* _Assignment_
All of the entries must appear again exactly as written.

Dataset extract: Begin

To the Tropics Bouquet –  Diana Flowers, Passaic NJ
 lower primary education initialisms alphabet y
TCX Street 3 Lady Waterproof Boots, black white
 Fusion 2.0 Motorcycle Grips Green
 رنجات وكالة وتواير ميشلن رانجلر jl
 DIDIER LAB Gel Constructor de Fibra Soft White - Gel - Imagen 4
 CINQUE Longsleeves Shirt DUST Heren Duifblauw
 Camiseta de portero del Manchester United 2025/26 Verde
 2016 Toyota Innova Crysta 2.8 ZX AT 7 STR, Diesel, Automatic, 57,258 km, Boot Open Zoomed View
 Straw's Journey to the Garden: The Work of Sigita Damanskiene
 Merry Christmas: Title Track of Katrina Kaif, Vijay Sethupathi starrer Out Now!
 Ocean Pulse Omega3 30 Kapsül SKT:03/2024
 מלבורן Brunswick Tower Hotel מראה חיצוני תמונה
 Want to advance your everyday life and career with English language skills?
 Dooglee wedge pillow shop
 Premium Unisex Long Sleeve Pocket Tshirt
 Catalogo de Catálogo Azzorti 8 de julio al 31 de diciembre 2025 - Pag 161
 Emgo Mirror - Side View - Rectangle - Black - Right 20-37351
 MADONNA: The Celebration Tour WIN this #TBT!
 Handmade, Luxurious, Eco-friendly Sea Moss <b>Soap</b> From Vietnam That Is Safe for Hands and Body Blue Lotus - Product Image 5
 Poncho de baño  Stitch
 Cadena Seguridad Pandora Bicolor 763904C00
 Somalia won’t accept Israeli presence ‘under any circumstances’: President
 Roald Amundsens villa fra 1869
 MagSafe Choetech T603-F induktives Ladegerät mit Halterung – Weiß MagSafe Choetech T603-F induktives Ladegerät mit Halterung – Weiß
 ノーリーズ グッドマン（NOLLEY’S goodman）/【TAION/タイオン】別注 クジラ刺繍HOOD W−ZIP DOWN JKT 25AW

Dataset extract: End

* _Expected answer_
To the Tropics Bouquet –  Diana Flowers, Passaic NJ
 lower primary education initialisms alphabet y
TCX Street 3 Lady Waterproof Boots, black white
 Fusion 2.0 Motorcycle Grips Green
 رنجات وكالة وتواير ميشلن رانجلر jl
 DIDIER LAB Gel Constructor de Fibra Soft White - Gel - Imagen 4
 CINQUE Longsleeves Shirt DUST Heren Duifblauw
 Camiseta de portero del Manchester United 2025/26 Verde
 2016 Toyota Innova Crysta 2.8 ZX AT 7 STR, Diesel, Automatic, 57,258 km, Boot Open Zoomed View
 Straw's Journey to the Garden: The Work of Sigita Damanskiene
 Merry Christmas: Title Track of Katrina Kaif, Vijay Sethupathi starrer Out Now!
 Ocean Pulse Omega3 30 Kapsül SKT:03/2024
 מלבורן Brunswick Tower Hotel מראה חיצוני תמונה
 Want to advance your everyday life and career with English language skills?
 Dooglee wedge pillow shop
 Premium Unisex Long Sleeve Pocket Tshirt
 Catalogo de Catálogo Azzorti 8 de julio al 31 de diciembre 2025 - Pag 161
 Emgo Mirror - Side View - Rectangle - Black - Right 20-37351
 MADONNA: The Celebration Tour WIN this #TBT!
 Handmade, Luxurious, Eco-friendly Sea Moss <b>Soap</b> From Vietnam That Is Safe for Hands and Body Blue Lotus - Product Image 5
 Poncho de baño  Stitch
 Cadena Seguridad Pandora Bicolor 763904C00
 Somalia won’t accept Israeli presence ‘under any circumstances’: President
 Roald Amundsens villa fra 1869
 MagSafe Choetech T603-F induktives Ladegerät mit Halterung – Weiß MagSafe Choetech T603-F induktives Ladegerät mit Halterung – Weiß
 ノーリーズ グッドマン（NOLLEY’S goodman）/【TAION/タイオン】別注 クジラ刺繍HOOD W−ZIP DOWN JKT 25AW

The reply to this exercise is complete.